The Delaware General Assembly honored an unsung hero last week.  Richard Mootz, a Milford veteran, received a tribute from the Delaware House of Representatives for his role in an astonishing find from World War II.  The House Republicans sent this in their weekly email last week.

The House of Representatives this week honored a man whose discovery of a vast cache of hidden German treasure may have helped end World War II and limited the spread of Nazi ideology in the conflict’s aftermath.
 
In February 1945, more than 3,900 Flying Fortress bombers attached to the U.S. Eighth Air Force dropped hundreds of tons of munitions on the German capital of Berlin.
To safeguard the monetary assets of the waning Third Reich, currency and gold from the Reichsbank — the central bank of Germany — were sent to a deep salt mine at Merkers, located about two hundred miles southwest.
Two months later, General George Patton’s 3rd Army swept into the region, moving so rapidly the Germans were unable to relocate the concealed hoard. 
 
Enter Private First Class Richard C. Mootz, a Delawarean serving as an infantryman with the 3rd Army’s 90th Division.  On April 6th, Pvt. Mootz was escorting two women who had just been questioned by the 12th Corps Provost Marshal’s Office back to Merkers.  As they neared the Kaiseroda Salt Mine, he asked the women about the facility.  They told him that weeks earlier German officials had used local and displaced civilians as labor for storing treasure in the mine.
 
Pvt. Mootz passed the information to his superior.  Later that day, American forces entered the mine.  What they found was startling.
 
According to the National Archives and Records Administration, the mine contained over eleven thousand containers, including:  3,682 bags and cartons of Germany currency; 80 bags of foreign currency; 4,173 bags containing 8,307 gold bars; 55 boxes of gold bullion; 3,326 bags of gold coins; 63 bags of silver; and one bag of platinum bars.
 

The money and precious metals were in the company of an immense collection of valuable artwork.  Sheltered in the mine were one-fourth of the major holdings of 14 state museums.

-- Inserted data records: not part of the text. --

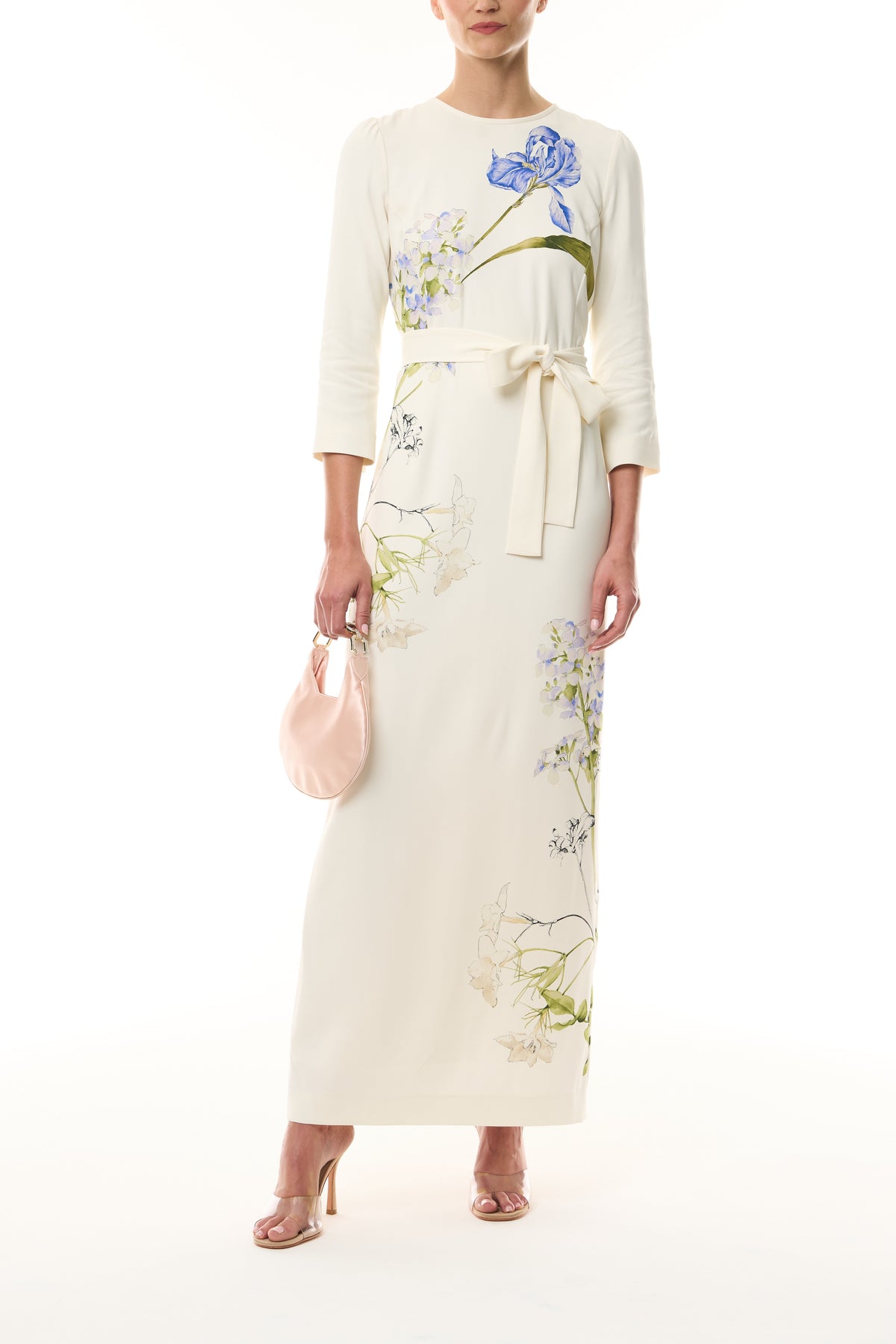 Floral Crepe Sheath Dress
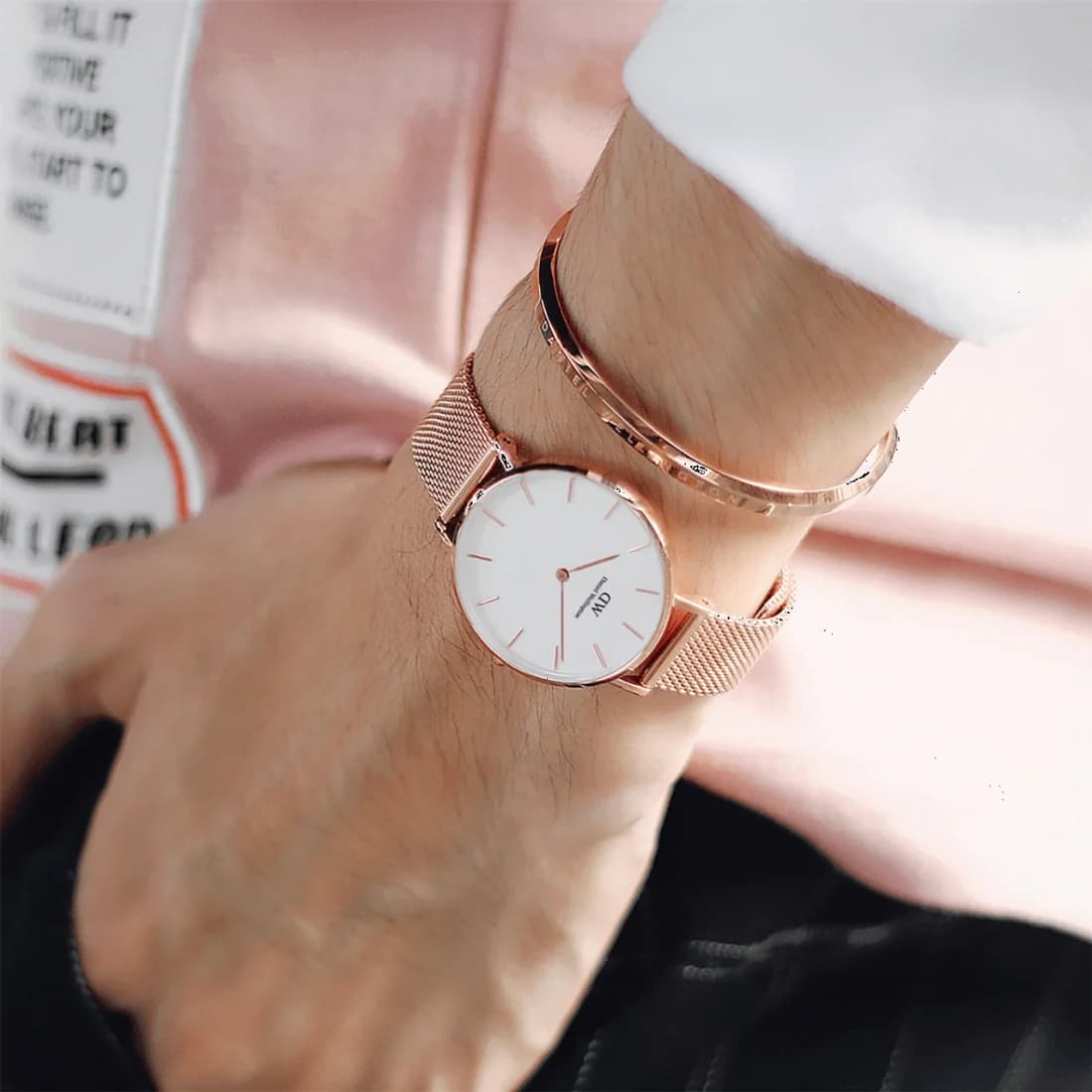 Zoom sur le cadran du Daniel Wellington DW00400003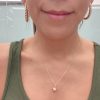 Dije corazón bombeado oro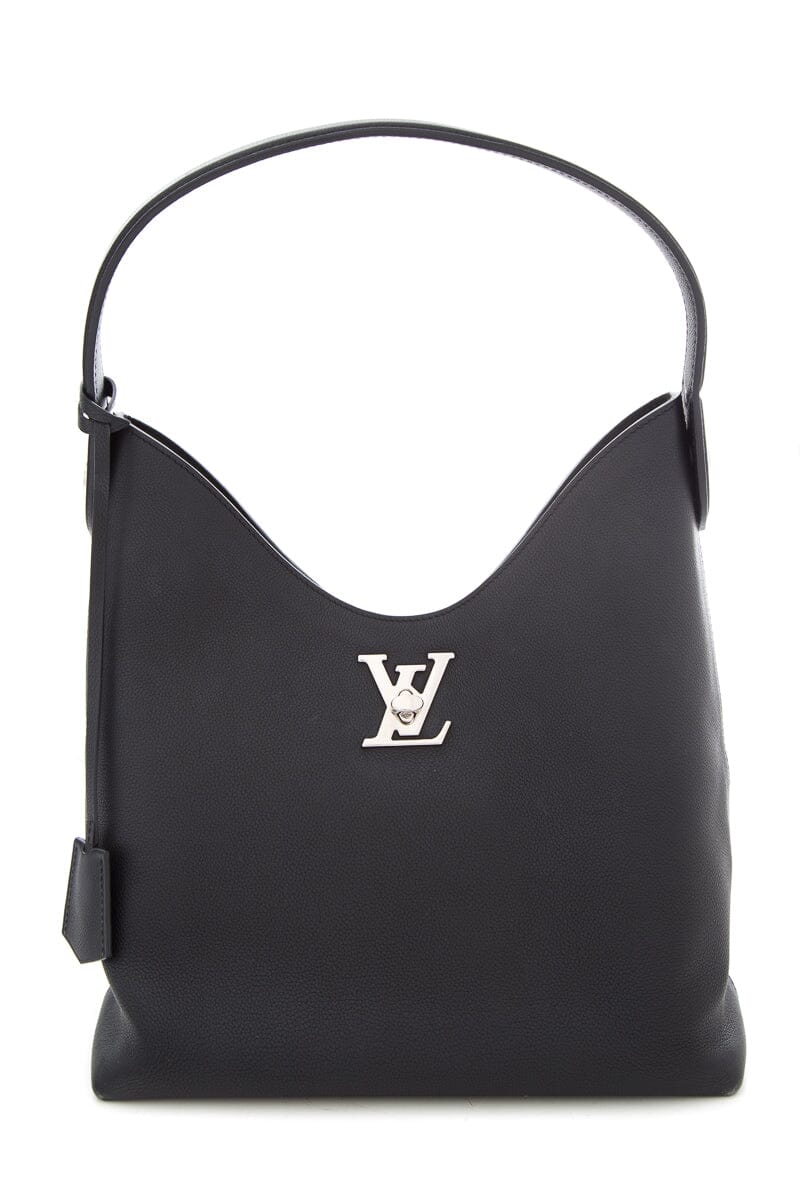 Louis Vuitton Black Lockme Hobo Handbag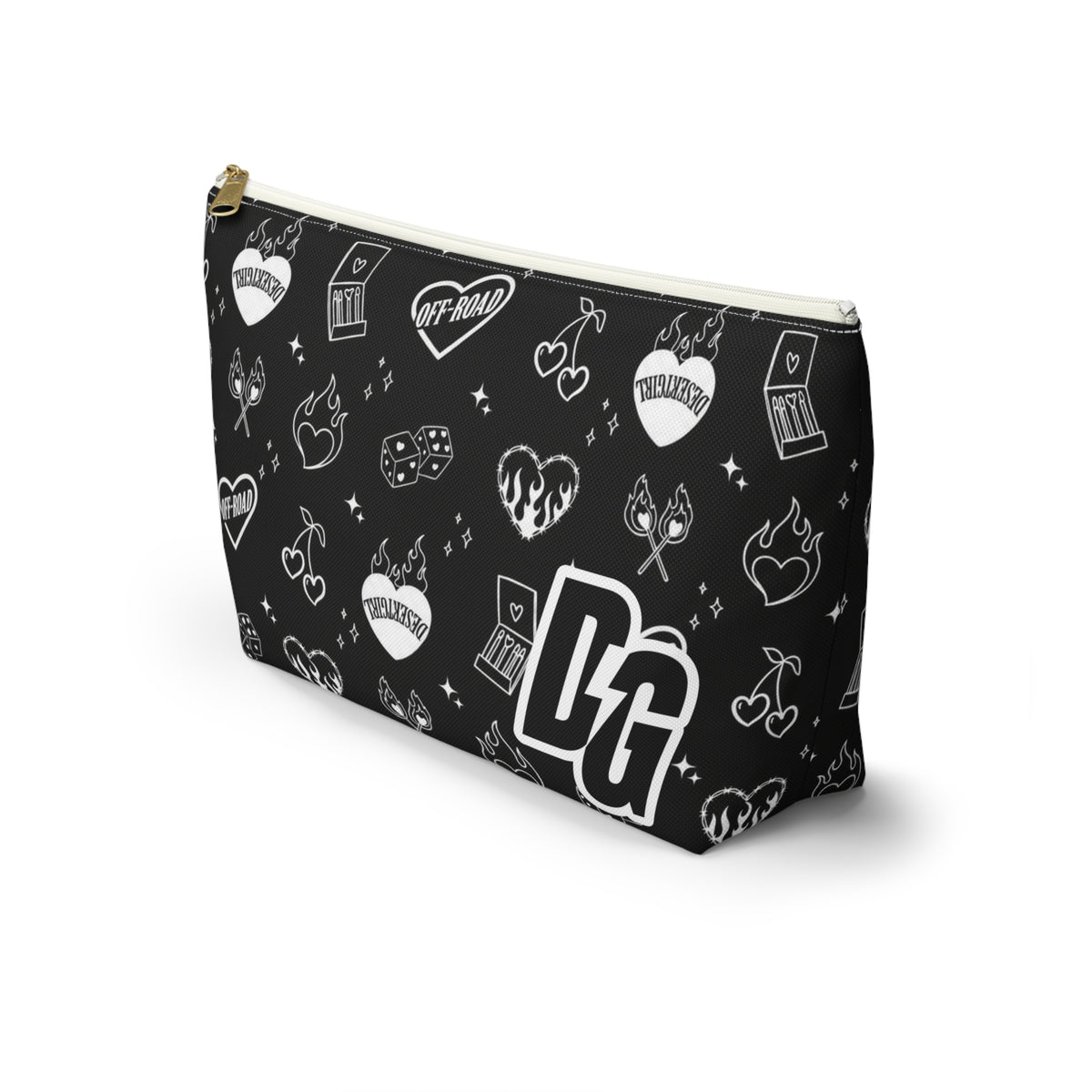 Desert Girl Off-Road Tattoo Accessory Pouch w T-bottom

The find was so extraordinary that General Dwight D. Eisenhower, General Omar N. Bradley, and Lt. Gen. George S. Patton, toured the site together.
 
The mine’s shafts, some 1,600-feet below the surface, also housed an estimated 400-tons of intellectual riches in the form of patent volumes from Germany, France, and Austria. 
 
“Germany was one of the most technologically advanced nations in the world at this time,” said David Deputy, a former Delaware National Guard brigadier general and Mr. Mootz’s nephew.  “Information on rocketry and other German advances were being sought by both the Americans and Russians.  It was the sensitive nature of this data that resulted in some details of the discovery being kept secret,” he said.
 
Mr. Deputy said it was not until military records were declassified decades later that Mr. Mootz’s role in the discovery became evident.
To give Mr. Mootz his overdue recognition, State Reps. Harvey Kenton (R-Milford) and Tim Dukes (R-Laurel) sponsored a House of Representatives’ Tribute presented in the House Chamber Thursday afternoon.  Mr. Mootz was a long-time resident of Laurel and currently lives in Milford.
“We recognize this exceptional individual for his outstanding service to his country while serving in the United States Army,” said Rep. Kenton.  “Private Mootz assisted the ‘Monuments Men’ in the discovery of a massive collection of gold, silver, artwork, and German currency.  This was the remaining paper currency and gold reserves of the Nazi regime, hence, this discovery bankrupted the German Army, bringing an earlier end to the war.”
The find may have had repercussions beyond the war.
In internal correspondence a week following the discovery at Merkers, Col. Bernard D. Bernstein (deputy chief, Financial Branch, G-5 Division) wrote the finding of the trove “confirms previous intelligence reports and censorship intercepts indicating that the Germans were planning to use these foreign exchange assets, including works of art, as a means of perpetuating the Nazism and Nazi influence both in Germany and abroad.”